Bu uzunca girişten sonra, transhümanist ve singülariteryen yaklaşımların insanı elektrik sinyaleri, biokimyasal etkileşimler, nöronlar ve sinapslar çerçevesinde ele alan materyalist yaklaşımlarına karşın Ahmet Arvasi’nin insanla ilgili materyalist yaklaşımlara itirazına ve insanı manevî boyutuyla nasıl ele aldığına bakalım:
“İlmî (biz bu ifadeyi günümüz açısından, “bilimsel ve teknolojik” olarak da düşünebiliriz) çabalar üç boyuta sığan ve üç boyutun kapsamına giren somut unsurlar ve bu unsurların ilişkilerine bağlı veriler üzerinde çalışarak, bu unsurları ve ilişkileri önce parçalayarak, sonra birleştirerek gerçeği bulma peşindedir.
Varlıkları ile, tezahürleri ile bütün madde dünyası ilmin konusudur. İlim bütün madenî oluş ve görünüşleri, bitkisel varlıkları ve görünüşlerini, hayvanî varlıkları ve görünüşlerinin topunu, konusu içinde kabul eder. Her nedense ilim (bilim) insanın bütün tezahürlerini birden kendine konu edinememiş durumdadır. İnsanî bilgilerin topunu ihata edememiş (kapsayamamış) veya onları eşyanın verilerine uygun olarak yorumlamaya çalışmıştır. Eşyanın verilerine uymayan insanî tezahürleri (dışavurumları) alanı dışında bırakmış, “Bu benim konum değil, onunla ben uğraşamam!” demektedir.
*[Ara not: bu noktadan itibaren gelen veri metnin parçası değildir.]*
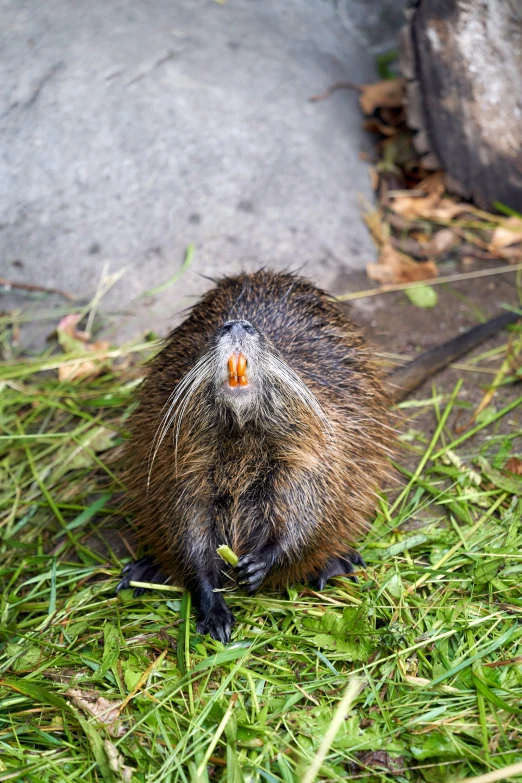 a rodent sitting in the grass staring back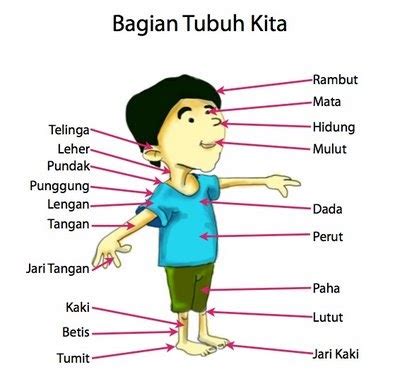 Cikgu Shidah: Mengenal Anggota Badan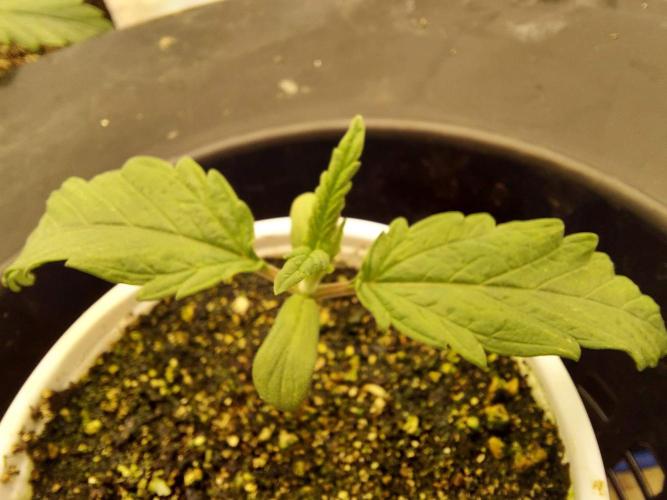 The Garden 2020 - GGxWW Solo Cup Grow. Week 1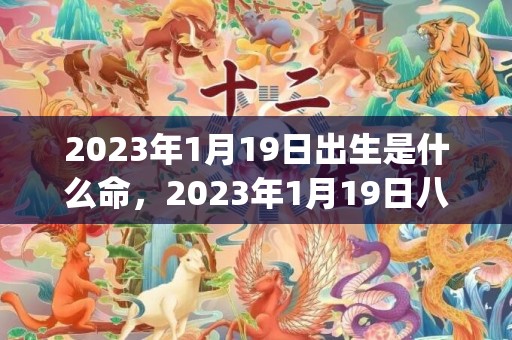 2023年1月19日出生是什么命，2023年1月19日八字命理解析(2023年1月11日农历是多少)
Bütün görünüşleri ile madenler, bitkiler ve hayvanlar dünyasını ele alan ilim, insanı ve yansımalarını topyekün kuşatamayacağını beyan etmekte ne dereceye kadar haklı ve mazurdur?
İlmin (bilimin) sınırları dışına itilen birçok insanî değerler “ilim dışı konular”, “aldanışlar” olarak yüzüstü bırakılacak mıdır? Bilim alanını (sahasını) insanın aleyhine mi daraltacaktır? (..)
Madenî bir varlıktan gelen bütün veriler muteber (güvenilir) oluyor da, bir insanlık aleminden taşan veriler muteber olmuyor. İnsanın yalnız insanlığı ile izah olunabilecek bazı tarafları “Zaaf, aldanış, patolojik bir hâl..” olarak damgalanmak isteniyor. Halbuki insanı (bütün yönleriyle) başlıbaşına bir realite olarak kabul etmek gerekirdi. (..)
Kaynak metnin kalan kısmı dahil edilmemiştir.